Fin de la trêve hivernale : les migrants hébergés par le Dal 35 doivent quitter les logements réquisitionnés. Soutenus par les militants, certains refusent de partir.

Le jour n’est pas encore levé, mais ils sont déjà là. Ils sont debout depuis 5 h. Cela fait plusieurs nuits que les militants du Dal 35 se rassemblent rue du Poirier-Nivet.

Aujourd’hui, ils sont quinze à guetter l’arrivée des forces de l’ordre, censées venir déloger les migrants recueillis par l’association. Yannick, membre du Dal 35, affirme :

« Sur 50 personnes, il en reste 20 dans le logement. Certains ont déjà vécu le traumatisme d’une expulsion. On est là pour exprimer notre désaccord, mais on ne résistera pas physiquement. »

Ces « logements » sont en fait des pavillons promis à la démolition, « réquisitionnés » par le Dal 35. Y vivent des migrants sans abri, souvent d’origine mongole. Chaque pièce, pas plus grande qu’une chambre d’étudiant, accueille une famille. Certaines avec des enfants.

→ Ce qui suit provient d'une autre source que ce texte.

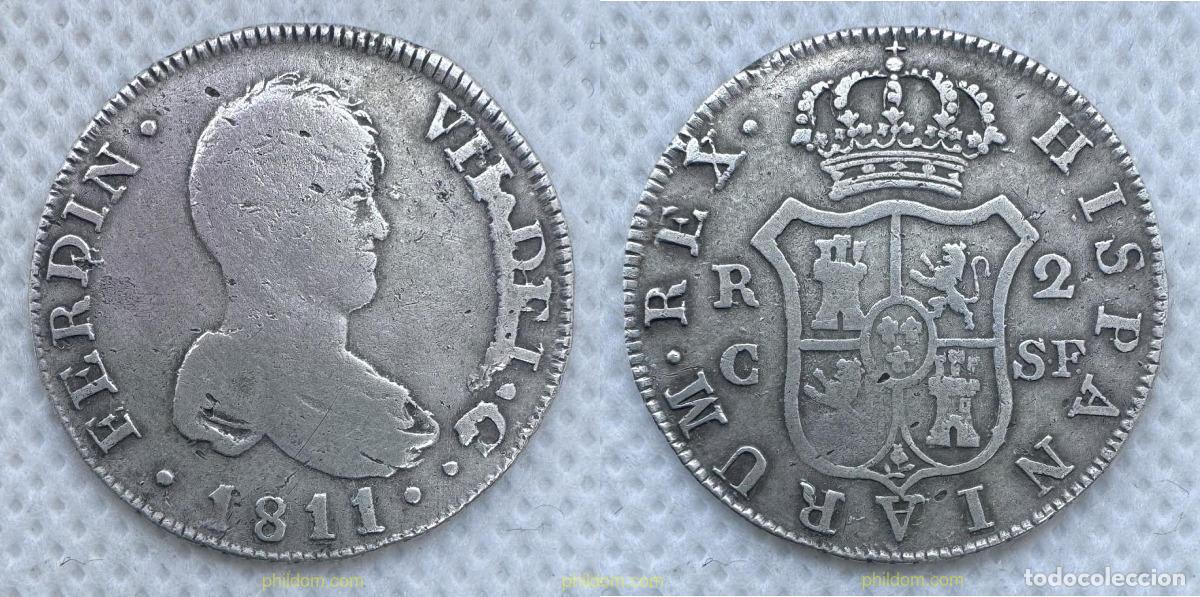 Monedas de Espa&ntilde;a: 5171 ESPA&Ntilde;A 1811 FERNANDO VII 2 REALES 1811 MADRID AJ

« Les enfants sont scolarisés. On va essayer de les reloger sur Rennes pour qu’ils puissent continuer l’école. Pour les autres, c’est le retour à l’errance, aux logements d’urgence. »

Avec la fin de la trêve hivernale, l’îlot de répit des migrants s’est transformé en bombe à retardement. La police peut intervenir n’importe quand pour faire évacuer les lieux. De préférence tôt le matin, selon le Dal 35. « Pour plus de discrétion » et « pour être sûr que tous les occupants sont bien là. »

Incertitude

Vers 6h30, une camionnette arrive. Fausse alerte : c’est un militant qui apporte le café. Il est accueilli comme le Messie.

300

C’est le nombre de personnes logées par le Dal 35, dans 11 réquisitions.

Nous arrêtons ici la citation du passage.